President Giuliani's Speechwriter: Nicholas Stix
By Michael Moriarty
Wolf is one of the most thriving careerists in the history of television. I’m proud to say that I am one of the most self-destructive personalities in showbiz.
Stix says I have too many worries to handle. Well, if his idea of a life is to offer up Giuliani for President of the United States, I have plenty to worry about. Clearly, Stix is on the conservative side of a phenomenon that is always nascent in every university graduate: intellectual supremacy. I don’t know what head of the faculty he thinks he’s making points with by proclaiming his research is better than mine. It’s not the Dean’s hands the future of the United States is resting in.

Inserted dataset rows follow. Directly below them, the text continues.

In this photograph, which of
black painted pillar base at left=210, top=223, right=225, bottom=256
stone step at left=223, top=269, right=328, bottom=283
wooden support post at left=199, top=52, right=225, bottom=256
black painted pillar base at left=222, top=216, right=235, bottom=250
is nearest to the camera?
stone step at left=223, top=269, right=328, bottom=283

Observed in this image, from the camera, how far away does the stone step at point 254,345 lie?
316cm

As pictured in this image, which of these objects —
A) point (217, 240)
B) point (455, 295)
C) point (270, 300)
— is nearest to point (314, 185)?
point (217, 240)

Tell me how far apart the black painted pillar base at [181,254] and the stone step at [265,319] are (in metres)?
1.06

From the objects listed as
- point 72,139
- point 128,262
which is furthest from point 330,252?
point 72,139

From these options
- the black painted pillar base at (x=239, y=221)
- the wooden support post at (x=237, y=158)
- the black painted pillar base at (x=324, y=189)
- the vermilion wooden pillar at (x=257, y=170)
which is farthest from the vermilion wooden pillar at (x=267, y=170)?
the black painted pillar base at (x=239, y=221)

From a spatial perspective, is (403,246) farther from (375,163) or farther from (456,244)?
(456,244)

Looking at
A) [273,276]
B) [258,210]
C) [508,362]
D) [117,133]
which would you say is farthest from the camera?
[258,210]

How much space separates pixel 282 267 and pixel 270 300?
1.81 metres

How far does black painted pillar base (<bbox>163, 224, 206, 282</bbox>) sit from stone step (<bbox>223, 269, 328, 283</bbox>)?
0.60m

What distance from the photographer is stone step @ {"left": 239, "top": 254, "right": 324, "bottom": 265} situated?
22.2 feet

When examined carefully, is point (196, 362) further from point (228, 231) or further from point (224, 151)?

It is up to the American people as a jury to decide. For a New Yorker to offer up Giuliani as a great idea for President just demands that another New Yorker express his strong opinion. I was one of the few New Yorkers to even see Stix’s mildly qualified hagiography of Giuliani. That Stix continued to shift the blame for what he describes as a phony drop in crime statistics cooked up in some political machine does not deny the fact that President Clinton, in so many words, ordered Giuliani to reduce the crime rate in New York City no matter what it took to achieve that objective. Clinton would see to making the Dow Jones rise miraculously, thereby helping Wall Street. Both "miracles" happened. That a classic photo taken at a law enforcement convention in Minnesota has Clinton pointing a police revolver directly into the camera and at the American people pretty much summarizes the preventative law enforcement philosophy: "You’re guilty until proven innocent!" That kind of turns the American justice system upside down, doesn’t it?
Stix, as a pro-tem professor of Journalism, has given me bad grades for my leaps of logic, so to speak. I reply that I’m not in his university, am not taking Journalism courses and don’t give a flying phonetic for his opinion of my writing. He’s an apologist for one of the worst mayors in New York City’s history.